April 21, 2010
Minding Our Own Business: Whom should we be admitting?
Posted by Usha Rodrigues

I'm an entrepreneurship fan myself, yet I admit I share some of Gordon's skepticism on the front of using entrepreneurship as a law school admissions criterion.  Christine hypothesizes that law schools "encourage the risk-averse."  I'd say it stronger than that: law schools attract the risk averse.  Traditional legal education reinforces risk aversion by training lawyers to spot problems without providing solutions.  This is why businesspeople don't like lawyers.  Targeting entrepreneurs to come to law school sounds to me like the inverse of that apocryphal Sinclair Lewis story.  Good entrepreneurs are already out there entrepreneuring.

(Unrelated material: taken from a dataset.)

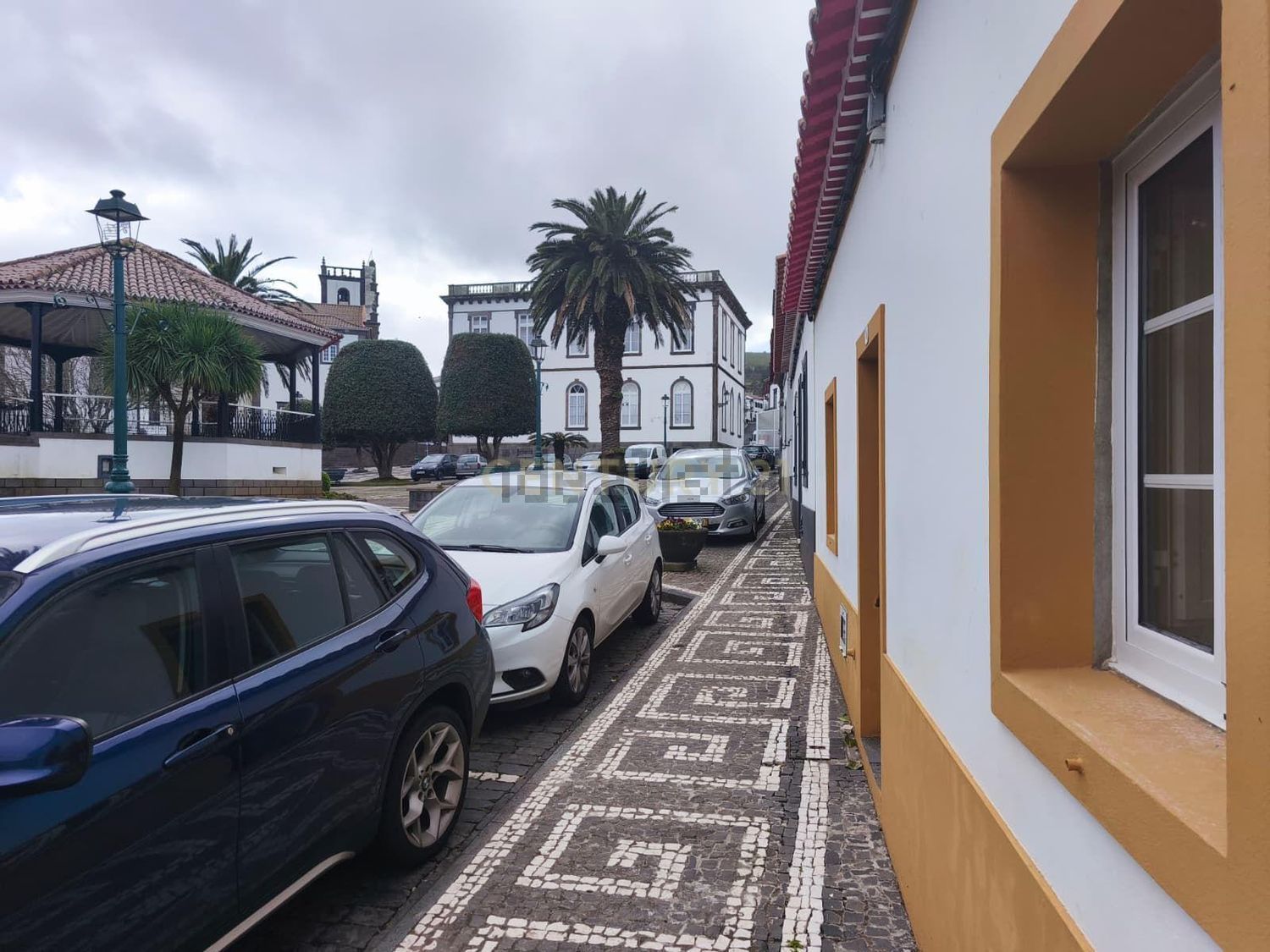 小楼房或独栋别墅出售在Rua Francisco Raposo Oliveira, 10 - 视线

Larry suggests giving a lot of extra points to applicants who have started, or at least worked in, a business, or shown equivalent initiative.  But these to me are two very different categories.  Those who start a business or invent something are true entrepreneurs--but they seem to me relatively unlikely to want to go to law school to learn to be business lawyers.They're already out there doing their entrepreneurial thing.  On the other hand, I heartily agree with favoring applicants from the second category.  Students who have worked, in a business setting, teaching ESL--honestly doing anything at all--bring a lot to the table in terms of maturity and "client-readiness," simply by virtue of having worked in the real world.